HABER MERKEZİ- Ankara Yüksel caddesi ile ilgili “Yüksel Direnişi” başlığıyla belgesel hazırlığı yapan İdil Kültür Merkezi’ne bağlı Fotoğraf ve Sinema Emekçileri ( FOSEM) çalışanı Banu Torun, gözaltına alındıktan sonra tutuklanarak Sincan Kadın Kapalı Cezaevi’ne gönderildi.
‘BURADA OLDUĞUM İÇİN ÇOK ŞAŞKINIM’
Zehra Özdilek’in Cumhuriyet’te yer alan haberine göre, Ankara Cumhuriyet Başsavcılığı ve Ankara 4. Sulh Ceza Hâkimliği’ne verdiği ifadesinde Torun ‘silahlı terör örgütü üye olma’ suçlamasını reddederek, “Hakkımdaki ihbarı kesinlikle kabul etmiyorum.

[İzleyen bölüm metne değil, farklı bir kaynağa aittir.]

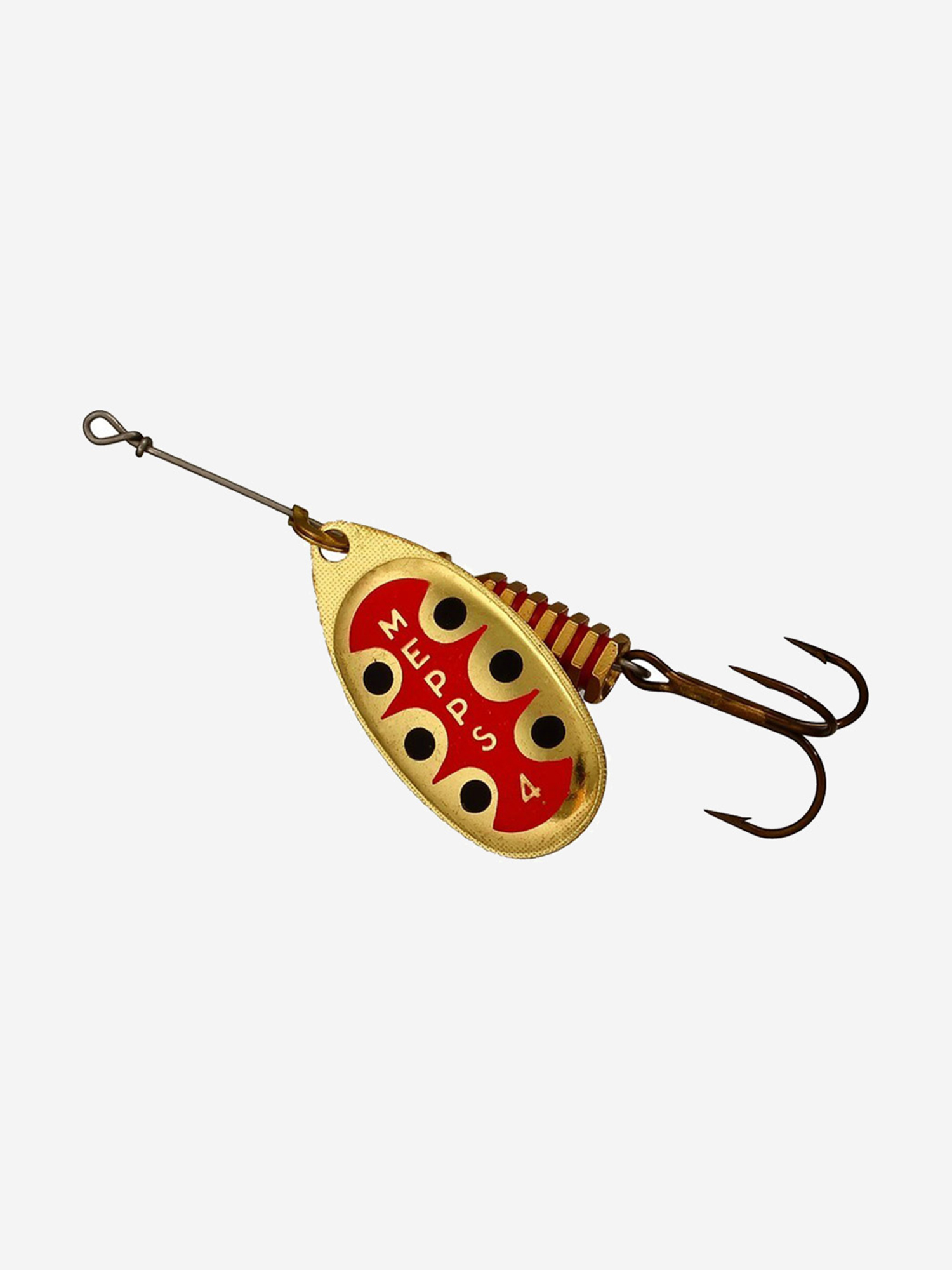 

Блесна для рыбалки вертушка Mepps AGLIA TW, , Gold, 1 штука, Золотой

Ben ‘Yüksel Direnişçileri’ başlığıyla bir belgesel hazırlamaktaydım. Fotoğraf makinemde ele geçirilen fotoğraf ve videolar bu belgeselime ait çalışmalardır. Burada olduğum için çok şaşkınım” dedi. Torun’un avukatı Mehmet Refik Atalay ise, “İhbarı kabul etmiyoruz. Muhtemelen polis tarafından yapılmış bir ihbar olabilir. Üzerinde ele geçirilen fotoğraf makinesinde tespit edilen fotoğraflar, videolar incelendiğinde herhangi bir suç unsuru bulunmamıştır” ifadelerini kullandı.
‘BELGESEL ÇALIŞMALARI YAPAN BİRİYİM, EMEKÇİYİM’’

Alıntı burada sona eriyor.